I can't think of a measurement that's font-agnostic and would work better than grapheme count

view this post on Zulip Abhinav Sarkar (Apr 23 2024 at 11:16):

I rather not deal with fonts. I'll assume monospace. Let me figure out how to get grapheme count.

view this post on Zulip Abhinav Sarkar (Apr 23 2024 at 11:16):

Also a feedback as a noob, it seems really wrong to go through all these hoops to get a string's length.

view this post on Zulip Hristo (Apr 23 2024 at 11:40):

I could be misunderstanding but I think the "issue" here isn't a Roc-specific one. It might appear Roc is asking you to go through extra hoops, but that's probably because other languages in some cases gloss over things a bit too much, and make assumptions on behalf of the user.

Whether this is an indication that there could exist a tiny bit more user-friendly library in user space - probably, yes, but it'll come with caveats, as there aren't any shortcuts which could be taken without compromise in this case.

view this post on Zulip Abhinav Sarkar (Apr 23 2024 at 11:43):

Sure, but in my life I've never seen a single language that has a String data type and does not have a length function in it.

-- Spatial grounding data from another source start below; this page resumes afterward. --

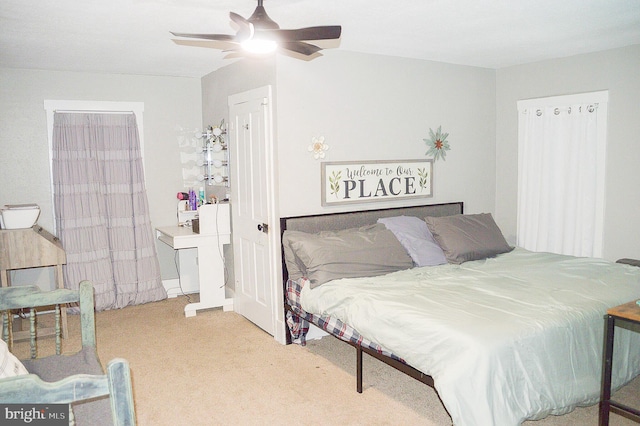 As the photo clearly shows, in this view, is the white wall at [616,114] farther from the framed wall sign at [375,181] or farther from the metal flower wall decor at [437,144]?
Result: the framed wall sign at [375,181]

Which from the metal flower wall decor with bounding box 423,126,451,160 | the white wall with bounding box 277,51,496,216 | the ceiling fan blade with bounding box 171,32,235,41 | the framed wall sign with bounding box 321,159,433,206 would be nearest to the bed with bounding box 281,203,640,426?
the framed wall sign with bounding box 321,159,433,206


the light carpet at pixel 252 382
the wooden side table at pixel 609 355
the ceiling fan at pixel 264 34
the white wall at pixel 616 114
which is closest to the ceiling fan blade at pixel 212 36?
the ceiling fan at pixel 264 34

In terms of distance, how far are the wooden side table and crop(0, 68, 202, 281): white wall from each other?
4.20 metres

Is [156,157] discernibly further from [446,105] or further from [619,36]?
[619,36]

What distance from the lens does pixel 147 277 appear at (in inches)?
205

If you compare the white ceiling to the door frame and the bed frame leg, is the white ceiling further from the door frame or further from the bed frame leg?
the bed frame leg

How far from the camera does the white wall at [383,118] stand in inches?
155

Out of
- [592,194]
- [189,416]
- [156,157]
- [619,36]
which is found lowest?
[189,416]

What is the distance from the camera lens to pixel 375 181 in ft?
14.4

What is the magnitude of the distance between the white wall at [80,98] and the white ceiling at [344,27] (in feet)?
0.88

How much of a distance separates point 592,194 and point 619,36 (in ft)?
4.31

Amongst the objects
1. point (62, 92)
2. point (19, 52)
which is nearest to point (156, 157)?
point (62, 92)

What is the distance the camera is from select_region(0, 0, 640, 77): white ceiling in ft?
9.44

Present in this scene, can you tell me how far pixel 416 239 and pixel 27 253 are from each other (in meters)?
3.15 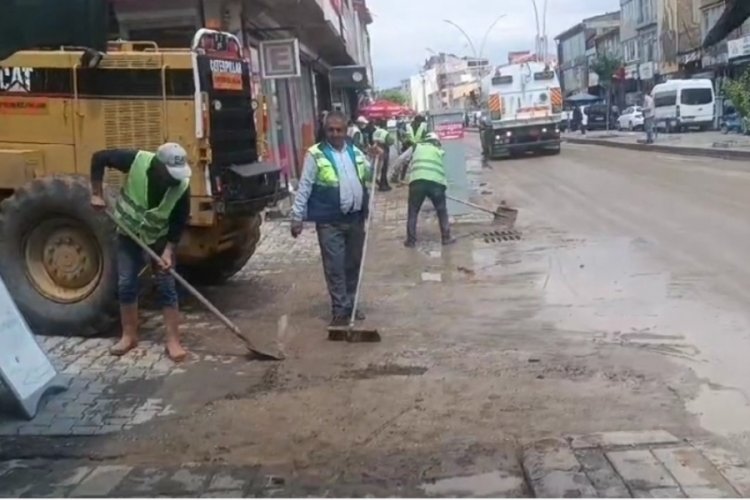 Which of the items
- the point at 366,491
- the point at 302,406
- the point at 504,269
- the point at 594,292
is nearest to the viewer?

TBH, I was very surprised with Roc's choice. Just my 2c.

view this post on Zulip Richard Feldman (Apr 23 2024 at 11:48):

yeah this is an intentional choice

view this post on Zulip Richard Feldman (Apr 23 2024 at 11:52):

the way it goes in most languages is:

  1. Use a builtin Str.len or similar
  2. Emoji bugs get reported
  3. Learn about the different ways string length can be represented (graphemes and such), figure out which one makes the best sense for this use case, implement a fix

my hope is to replace that status quo with:

  1. Look for builtin Str.len or similar, discover it's not there
  2. Ask in #beginners how to get string length in Roc
  3. Learn about the different ways string length can be represented (graphemes and such), figure out which one makes the best sense for this use case, implement it using that way the first time around instead of shipping with Unicode bugs :smiley:

view this post on Zulip Richard Feldman (Apr 23 2024 at 11:52):

this flow will be smoother when we have a release of roc-unicode, to be fair :sweat_smile:

view this post on Zulip Luke Boswell (Apr 23 2024 at 11:53):

I've never seen a language like it either. I was surprised too. But I'm finding there are lots of little details like this where a lot of care has gone into thinking about how to set people up for success. It's why I love using roc so much.

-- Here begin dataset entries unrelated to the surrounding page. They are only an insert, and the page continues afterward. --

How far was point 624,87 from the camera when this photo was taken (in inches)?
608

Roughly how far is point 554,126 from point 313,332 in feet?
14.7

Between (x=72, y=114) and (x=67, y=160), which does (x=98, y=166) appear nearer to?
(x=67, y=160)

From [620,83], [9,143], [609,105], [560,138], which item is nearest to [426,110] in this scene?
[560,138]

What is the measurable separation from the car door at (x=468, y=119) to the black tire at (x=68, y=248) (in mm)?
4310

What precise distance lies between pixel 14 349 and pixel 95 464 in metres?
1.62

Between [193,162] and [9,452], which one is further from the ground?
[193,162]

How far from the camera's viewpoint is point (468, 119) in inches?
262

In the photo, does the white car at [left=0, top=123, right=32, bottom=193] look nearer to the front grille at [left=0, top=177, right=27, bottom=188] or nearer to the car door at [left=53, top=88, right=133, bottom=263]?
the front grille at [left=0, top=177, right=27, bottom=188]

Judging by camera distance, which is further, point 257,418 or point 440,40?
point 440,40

I'd love to improve the unicode library. If anyone is interested in helping with that then please let me know. A second pair of eyes to help make things more sensible would be amazing.

view this post on Zulip Hristo (Apr 23 2024 at 11:54):

@Abhinav Sarkar, my understanding is that one of the philosophies behind the design of Roc is to minimise (or eliminate altogether) the number of ways a developer could shoot themselves in the foot.
One of the directions for ensuring this is via not allowing use-case ambiguities and misinterpretation of semantics to be mistaken to be shortcomings of the language.
The language enables the user to truly attempt to identify and understand their use-case, and act accordingly.

view this post on Zulip Hristo (Apr 23 2024 at 11:57):

If there's is insufficient clarity or understanding in a use-case, then this signifies that the language cannot fill it in on behalf of the user, because at best that would be a guess. That's why the user is empowered to actually get to understand better the underlying problem they're trying to solve.

Again, user-space libraries do not have to share the same methodologies as the standard library, and many users might find functionality providing glossing-over of concepts (which in other languages may come as part of the standard library) available at that kind of level.

view this post on Zulip Abhinav Sarkar (Apr 23 2024 at 13:23):

Richard Feldman said:

this flow will be smoother when we have a release of roc-unicode, to be fair :sweat_smile:

When is the release expected?

view this post on Zulip Luke Boswell (Apr 23 2024 at 21:32):

Nothing stopping use from making a release today. Though it doesn't cover much of unicode yet, and hasn't been tested in great detail, so maybe it's not a good idea?? I dont know but I guess a release would indicate a lvel of maturity, and what is there is still a WIP though usable.

It took me quite a while to build the text segmentation for graphemes. It would probably be much easier now.

I was planning to do some fuzz testing with it, but keep getting distracted on other projects and work.

view this post on Zulip Brendan Hansknecht (Apr 24 2024 at 00:27):

Can make it release 0.0.0-alpha or something

view this post on Zulip Hannes (Apr 24 2024 at 14:27):

The visual width in a terminal is implemented using the wcwidth function, the python package has an explanation of it here: https://pypi.org/project/wcwidth/

I actually started working on a roc-wcwidth package a while ago for a project, but didn't finish it. I'll dig it up tomorrow and see if I can finish it.

view this post on Zulip Abhinav Sarkar (Apr 24 2024 at 15:15):

Hannes said:

The visual width in a terminal is implemented using the wcwidth function, the python package has an explanation of it here: https://pypi.org/project/wcwidth/

Will it be not same as grapheme count as discussed above?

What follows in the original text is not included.